Unfortunately, thousands of people are hurt in motor vehicle accidents in Ontario every year. Some types of vehicles, such as all-terrain vehicles (ATVs), have developed a reputation for a high risk of causing severe injuries.
This article looks at whether a person may be held liable for lending someone a vehicle in circumstances where they are subsequently injured. We also look at a recent Ontario Superior Court of Justice decision in which a woman suffered a severe brain injury after the ATV she was riding struck a tree. Her boyfriend’s father owned the vehicle.
Is there a duty of care when lending a motor vehicle?
To bring a successful negligence claim, the injured plaintiff needs to show that:
- the defendant owed them a duty of care;
- the defendant breached the standard of care; and
- the breach of the standard of care caused or materially contributed to the injury.
Courts have recognized a duty of care whenever a person allows another to operate a motorized vehicle in circumstances where they knew or should have known that the person was unfit or otherwise unable to operate it safely. This includes off-road vehicles, such as ATVs and snowmobiles.

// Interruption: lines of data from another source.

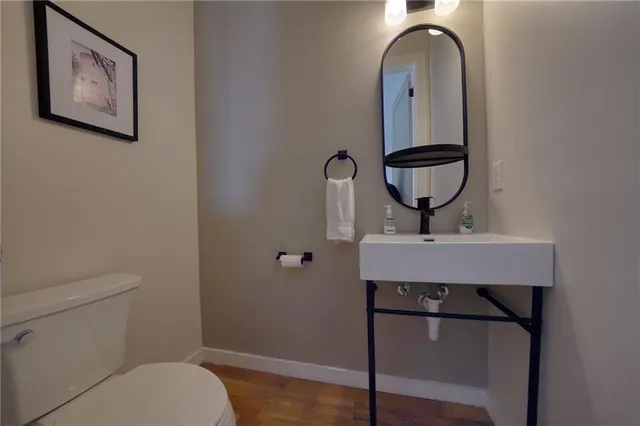 a bathroom with a toilet a sink and mirror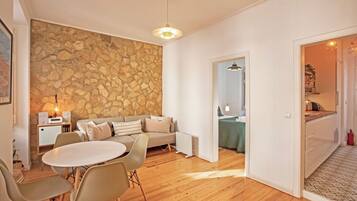 Uma sala de estar moderna com uma parede de pedra, um sofá, uma mesa de jantar com cadeiras, e uma cozinha visível através de uma porta aberta.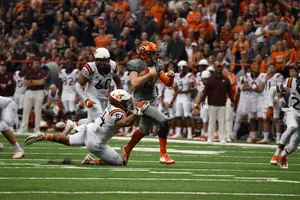 Eric Dungey took a beating and had to leave the field for an injury, but he came back and lead Syracuse to its 31-17 win. 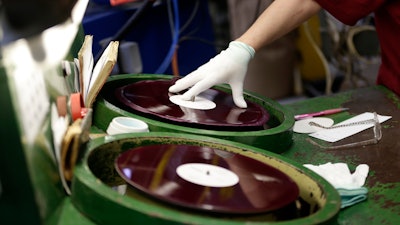 A worker checks a pressed record at a vinyl plant in Lodenice, Czech Republic. As vinyl records make a global comeback in popularity, a little-known Czech company is riding the market surge to establish itself as the world’s biggest record manufacturer.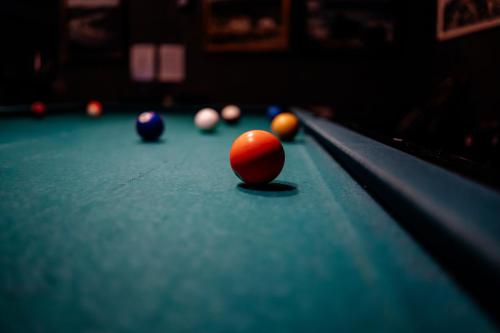 a snooker ball on the edge of a pool table at Hotel Laxnes in Mosfellsbær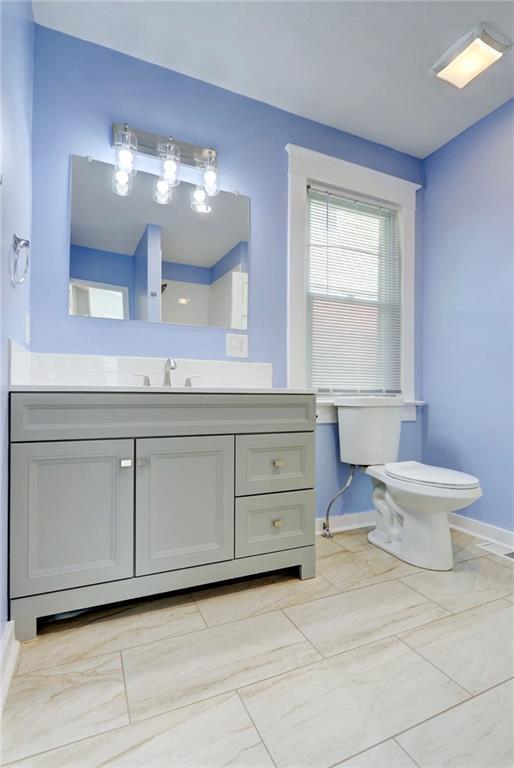 3521 Windsor Ave, Kansas City, MO 64123 - bathroom with toilet, baseboards, and vanity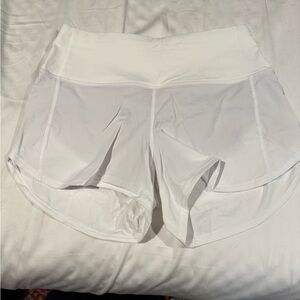 Lululemon Athletica White Athletic Shorts with Back Zip Pocket. Size 6
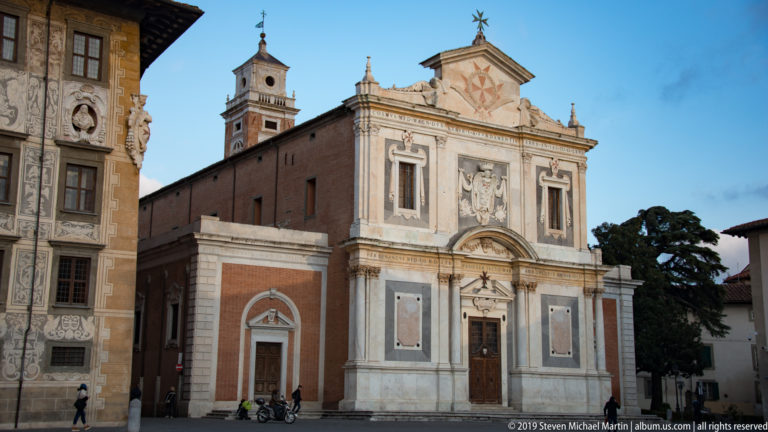 Santo Stefano dei Cavalieri church façade with pale stone ornament, brick side wall, and bell tower in Pisa.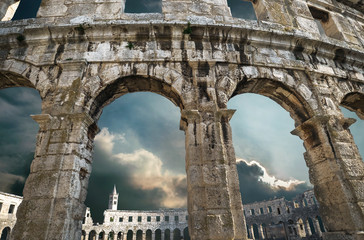 Pula amphitheatre arches with thunder sky background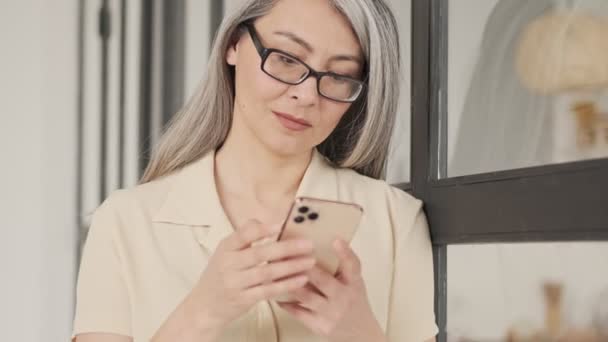 Een Gefocuste Volwassen Vrouw Met Een Bril Gebruikt Haar Smartphone — Stockvideo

However, courts “do not expect omniscience, prescience or clairvoyance.” A duty of care is established only where what happened was a natural and probable result of what the alleged wrongdoer did or failed to do.

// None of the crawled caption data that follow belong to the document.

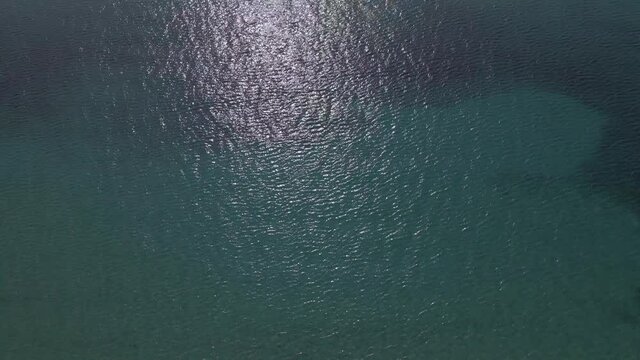 4k tilt up clip of the ocean over a peninsula on  the tropical beach of Epanomi, Halkidiki, Greece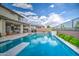 Large backyard pool with diving board, patio, and covered seating area that creates an ideal outdoor space at 3879 E Harrison St, Gilbert, AZ 85295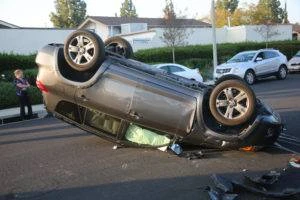 car rolled over in road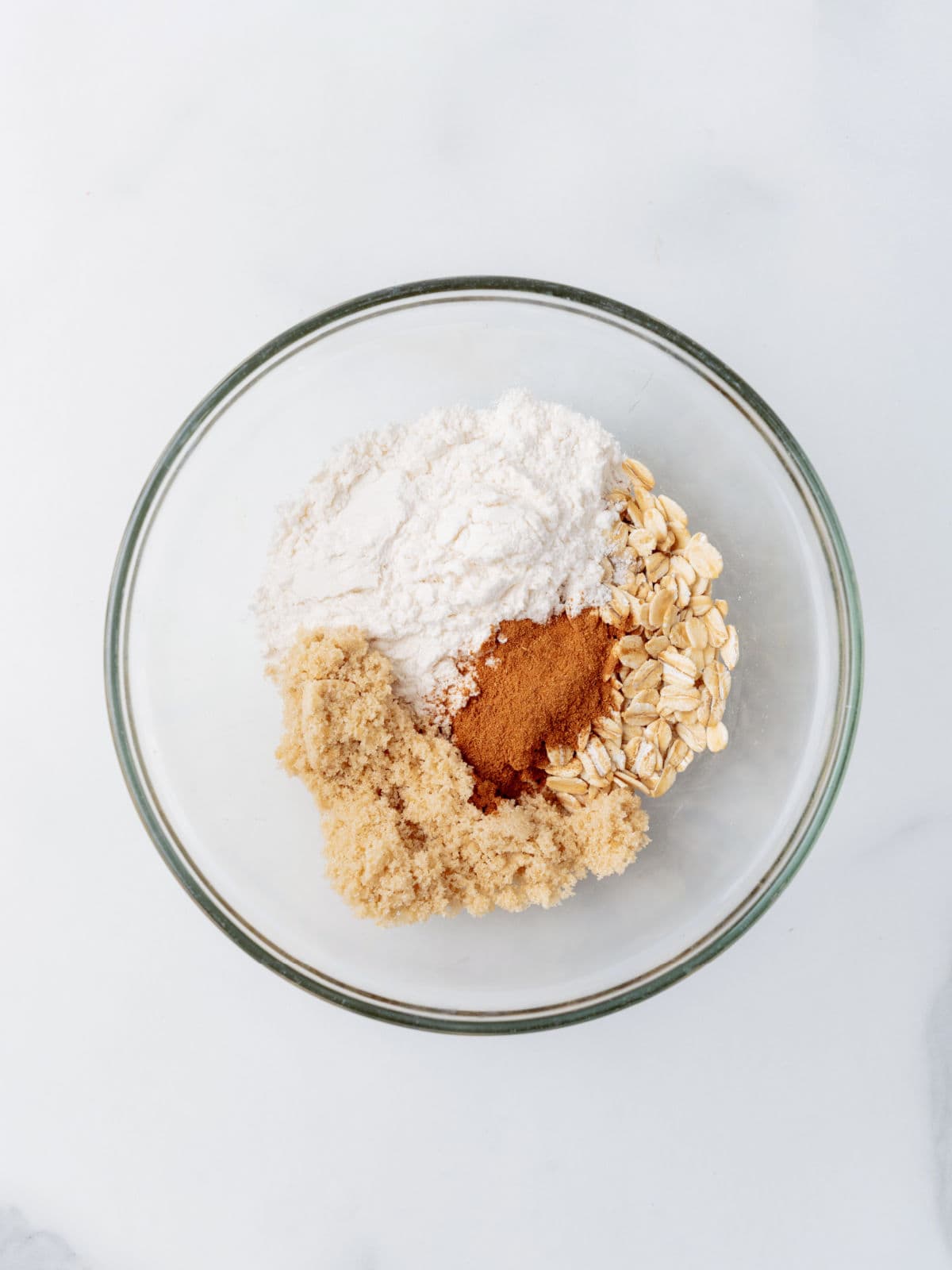 A glass bowl containing brown sugar, flour, rolled oats, and ground cinnamon on a white surface.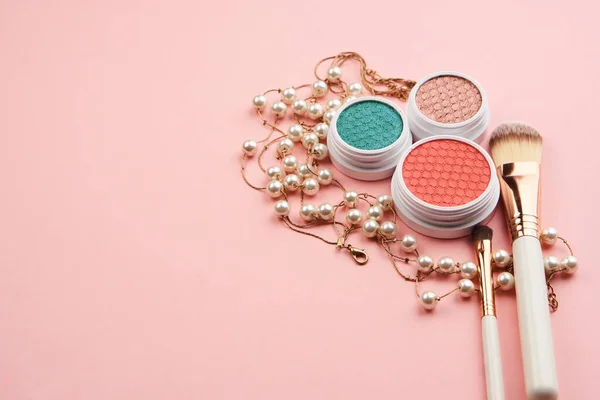Accesorios de sombra de ojos perlas maquillaje cepillos colección cosméticos profesionales sobre fondo rosa — Foto de Stock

Plaintiff injured after crashing boyfriend’s father’s ATV
In Desrochers v McGinnis, the plaintiff suffered a severe brain injury following an ATV accident on a semi-dark evening. The plaintiff’s boyfriend drove the ATV, with her as a passenger, to an intersection. The plaintiff then rode the ATV alone in the direction of her boyfriend’s parent’s property while her boyfriend followed in a pickup truck. The plaintiff left the road and hit a tree at a corner following a rise.
She did not have a driver’s licence but had ridden the ATV at the property. The plaintiff sued her boyfriend and his parents. At the time of the accident, the father was not at home, but the mother was present. She told her son and the plaintiff to wear helmets, which they did not do.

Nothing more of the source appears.